Others delight in the possibilities of adding ‘irrelevant’ details, side-remarks, hedges, that footnotes offer: entire underground battles are being fought there, scores are settled, new enemies are made. Here you can state an opinion without arguing for it, this is the place to display your knowledge and learning even if it has nothing to do with the topic. Exhibitionists …

Martin Stokhof
from: EOL Discussion Board
date: spring 2003

Random thoughts on random topics

Sliema, Malta

Ineffability

There is an interesting parallel between Davidson’s arguments against the analysis of metaphor in terms of simile, and Wittgenstein’s way of arguing that religious expressions are not similes in ‘A Lecture on Ethics’. In both cases the point is that something ineffable is explained in terms of something that is expressible, or to put it differently, that something that does not have cognitive content is equated with something that has. Essentially, it is the distinction between showing and saying that is at stake in both cases.

Martin Stokhof
from: Interpretation
date: fall 2001

Random thoughts on random topics

Rotterdam

On the linguistic turn in Wittgenstein

On the linguistic turn. How should it be evaluated? On the one hand: the isomorphism of language and thought places the Tractatus squarely in the traditional, epistemologically inspired framework. (Cf., in connection with this, the first formulation of the aim of the book in the preface: ‘Das Buch will also dem Denken eine Grenze ziehen’.) On the other hand: the assignment to the principles of logic of the place that before that was reserved for the principles of thought (and perception) does constitute a fundamental step (one that is reflected in Wittgenstein’s characterisation of epistemology as ‘philosophy of psychology’ (4.1121)). For now the limits of thought are determined by something that is of a different nature than thought itself: logic. In the traditional framework there was the possibility of thought, including its limitations and fundamental principles, being its own subject matter. (A possibility left open by Kant, taken up with gusto by German idealists, to which Schopenhauer emphatically objected.) After the linguistic turn, thought appears to be forced into a more passive role. (Is it to emphasise this that the Tractatus assigns logical principles an ontological status?)

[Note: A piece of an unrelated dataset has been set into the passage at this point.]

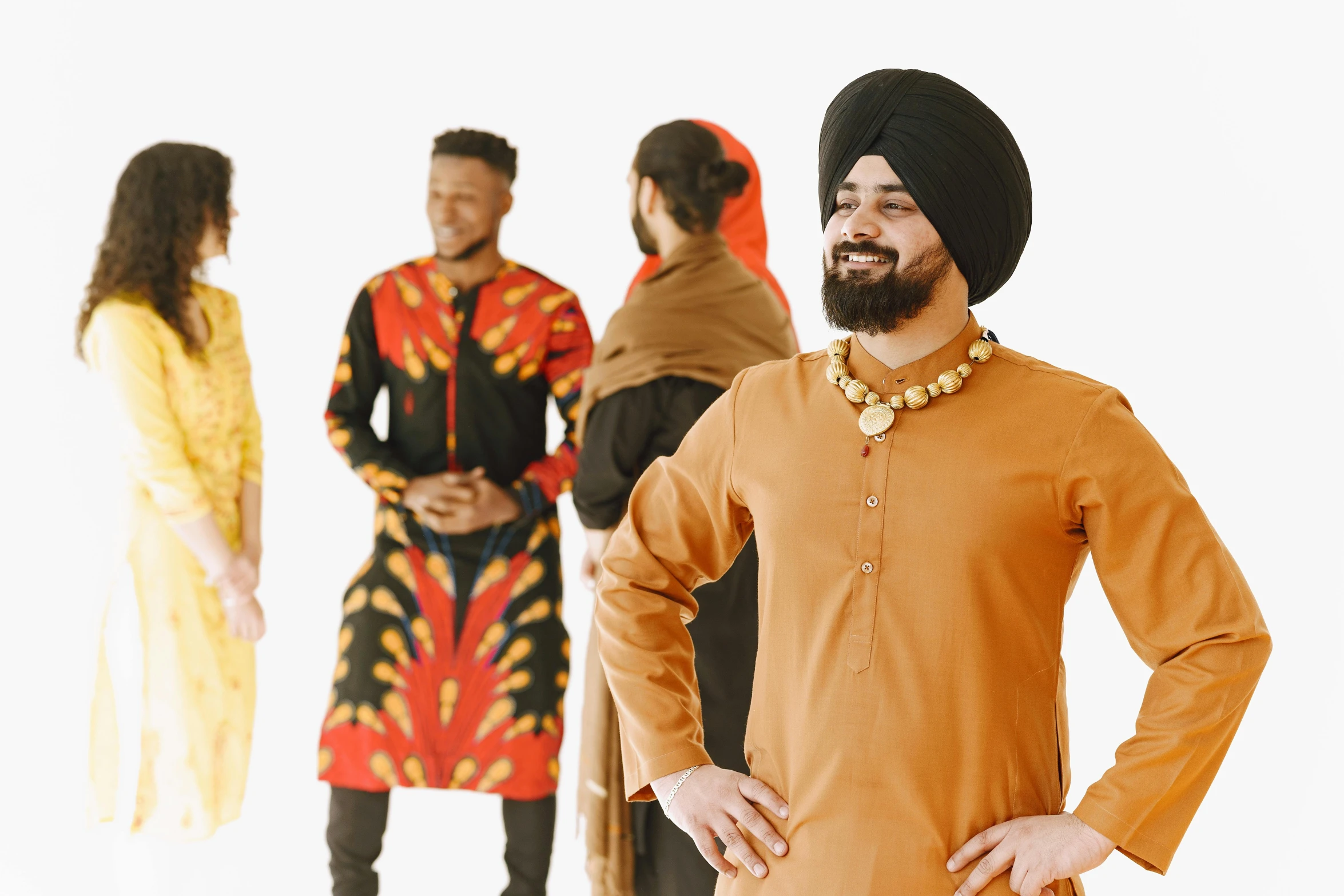 man in an orange turban, and others wearing dress clothes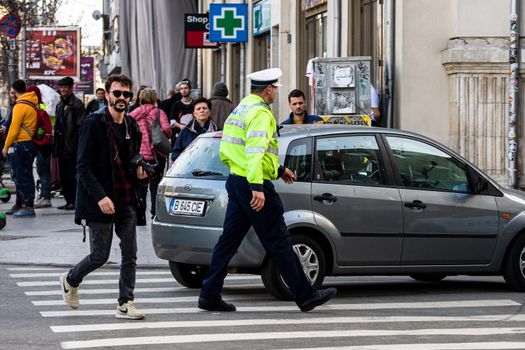 Police agent, Romanian Traffic Police (Politia Rutiera) directing traffic during  rush hour in downtown Bucharest, Romania, 2021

The resulting picture is mixed. What we see is a transition that potentially represent a fundamental break with the past, but the consequences of which are by and large not worked out. Locating the limits of thought outside thought itself opens up a space of possibilities. But bu opting for logic as the source not much of that space is actually explored, let alone exploited. For both, logic and thought, are essentially discursive (which is why it is possible for the Tractatus to regard them as isomorphic). It is only from the angle of language that it becomes visible what the limitation is: only the discursive (‘logical’) part of language is within the scope of the analysis that the Tractatus offers.

In the years following the Tractatus we see a shift from logic to grammar (in Wittgenstein’s sense of the word), and concommittant with that attention for other functions of language than just the discursive one. One consequence of that shift is a relaxation of the concept of ‘limits of thought’: there are as many ways of thinking as there are different, autonomous languages games. Even stronger: the central role itself of thought (in both a positive and a negative sense) is being questioned.

It is only at this point that the consequences of the linguistic turn come into their own: the diversity and multiplicity of language, of grammar, shows that there cannot be such a thing as a determination of ‘the’ limits of thought ‘as such’, that thought itself is not a monolithic whole but rather consists of various practices, with various links between them and embedded in our ways of acting. In this sense, one can say that it is only in his later work that Wittgenstein fully and completely ‘takes the linguistic turn’, and that, by doing so, he finally brings about the radical break with the old ‘philosophy of consciousness’ that he was after.